McKeen afirma que el valor se está desplazando desde la transferencia de información hacia el desarrollo de habilidades humanas complejas, como la verificación de fuentes, la toma de decisiones contextual, el razonamiento ético y la rendición de cuentas en escenarios reales.
En ese contexto, su artículo destaca iniciativas institucionales que ya empezaron a reconfigurar su propuesta académica. Por ejemplo, la escuela de negocios de la Universidad Estatal de Arizona, que dedica gran parte de sus cursos a proyectos con clientes reales. O Northeastern University , que incorporó la “inteligencia experiencial” como parte del plan de estudios.

La propuesta de McKeen incluye recomendaciones concretas para los líderes universitarios: auditar los programas que se centran solo en transmisión de información, rediseñar las evaluaciones para incluir evidencia de toma de decisiones y trabajo aplicado, y reconvertir el rol del profesor en diseñador de experiencias y entrenador del juicio estudiantil.

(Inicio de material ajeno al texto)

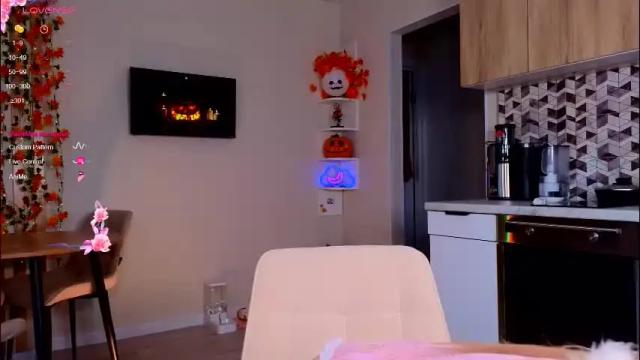 Image 2 of lana_me Stream on Chaturbate on 3 months ago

“La entrega de información se está convirtiendo en un commodity, mientras que el desarrollo del juicio humano pasa a ser el diferencial”, concluye.
Para McKeen, las universidades que reconozcan esta transformación a tiempo podrán capturar valor en un mercado que cambia rápidamente. Y quienes enseñan, lejos de volverse prescindibles, pueden ocupar un lugar central en ese nuevo escenario.